VMware’s Record Quarter Shows Hybrid Cloud Strength

VMware hauls in $6 billion, but cloud shift could dampen revenues in 2015

VMware, virtualisation and cloud infrastructure player, announced its Q4 results yesterday, beating analysts’ expectation and confirming its strength in the data centre.

Annual revenue growth upped 16 percent to $6.04 billion, with a year-over-year revenue growth of 15 percent to $1.7 billion.

License revenues for the fourth quarter were $777 million, an increase of 13 percent from the fourth quarter of 2013, or up 16 percent year over year.

400 customers for VMware NSX

VMware also announced it now has more than 400 customers for VMware NSX, the network virtualisation and security platform for software defined data centres.

“Customers continue to partner with VMware because we offer a new model for IT designed to rapidly and automatically deliver any app, anywhere, without sacrificing the need for security, availability and compliance,” said Pat Gelsinger, VMware CEO.

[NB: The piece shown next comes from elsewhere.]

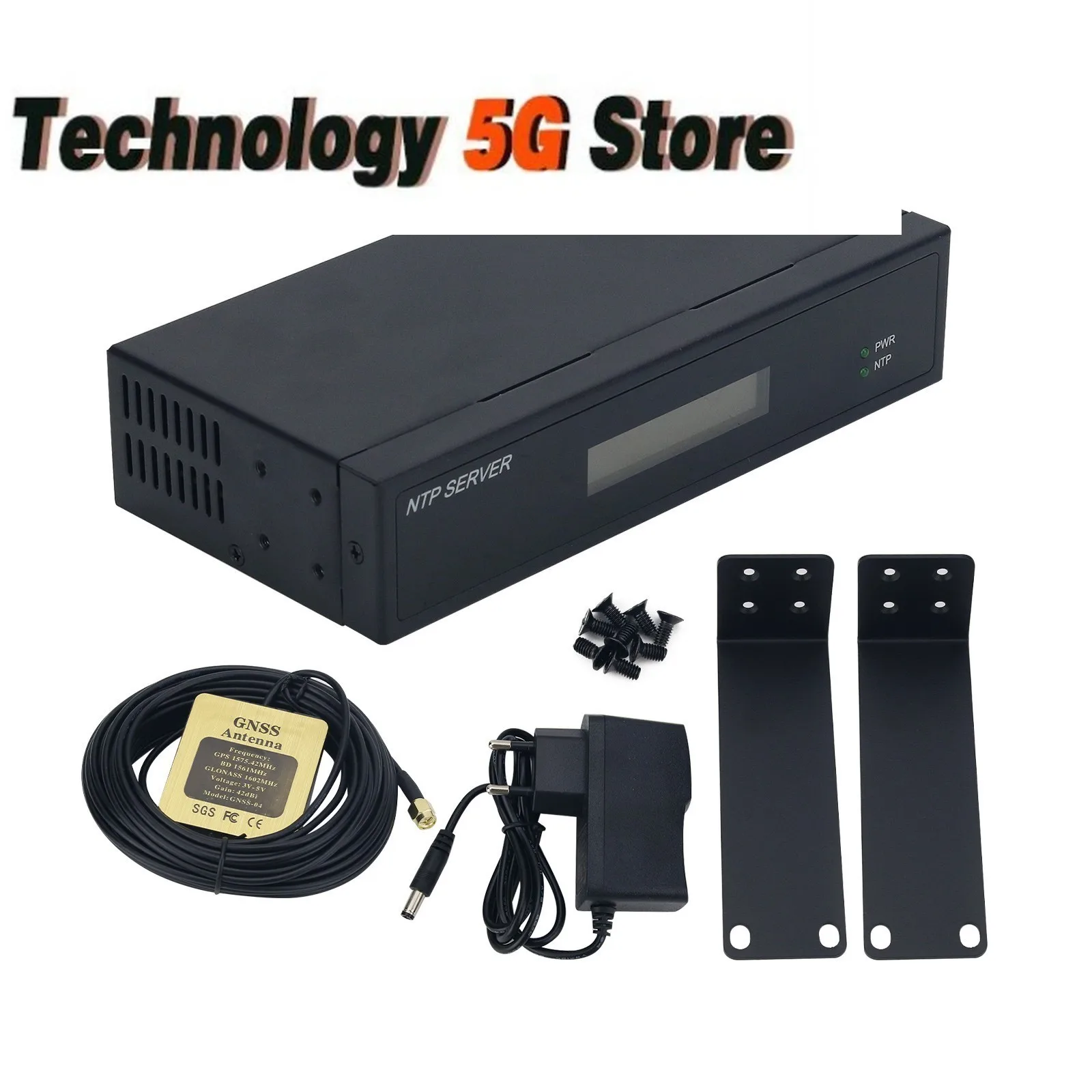 

TF-NTP-LITE NTP Server + 10m Antenna Network Time Server with Screen 2 Network Ports Support for Beidou GPS GLONASS QZSS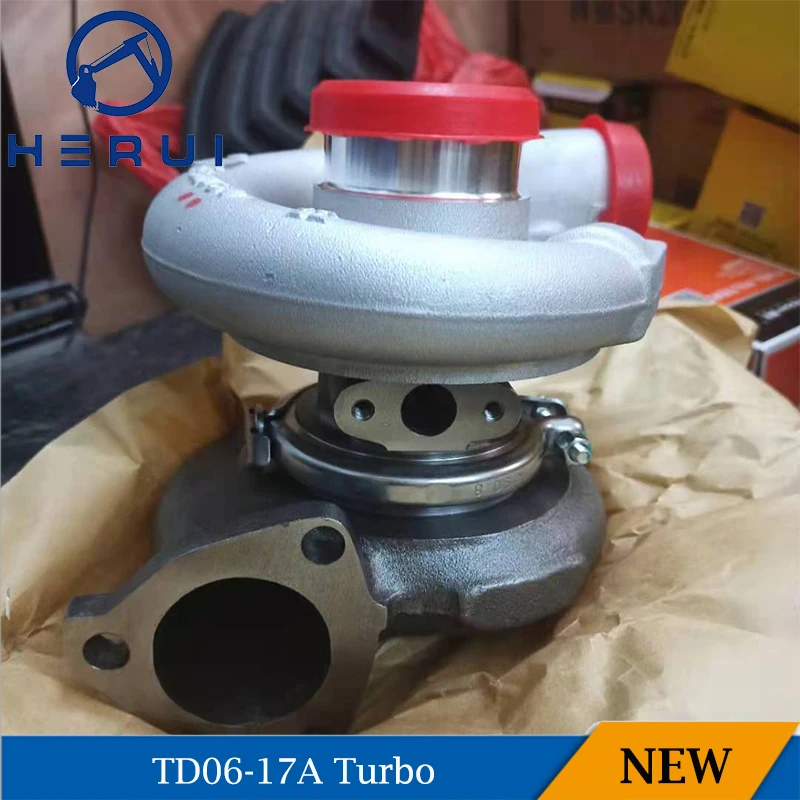 TD06-17A Turbo 6D14 Turbocharger for Mitsubishi Fuso Truck Bus SK07-2 6D14-2PT Engine 49179-00120 49179-00110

“In 2014, we surpassed the 6 billion dollar revenue mark for the first time, and in 2015 we’re looking forward to providing our customers with extraordinary value through the strongest portfolio of products, services and solutions in our history.”

Vmware has shown muscle in the one of the fastest-growing market segments, hybrid cloud. Its Vcloud Air alongside the firm’s SaaS offerings so far only make up 5 percent, or $85 million, of VMware’s net revenues, but this is up from 3 percent the same time last year showing its strong growth momentum.

Operating income for the fourth quarter was $344 million, a decrease of 8 percent from the fourth quarter of 2013. Non-GAAP operating income for the fourth quarter was $567 million, an increasevmware of 7 percent from the fourth quarter of 2013.

But as we all know, cloud revenue is a double-edged sword in the short-term, with VMware CFO Jonathan Chadwick warning that the fast growth of these offerings will have a detrimental impact on the company’s growth in the next twelve months. This is because SaaS revenue, on a subscription basis, comes in slower than bulk one-off payments.

Chadwick said on a conference call that he predicted revenue could dip 1 percent because of the cloud shift, with more negative impact coming from customers switching from buying licenses to using SaaS.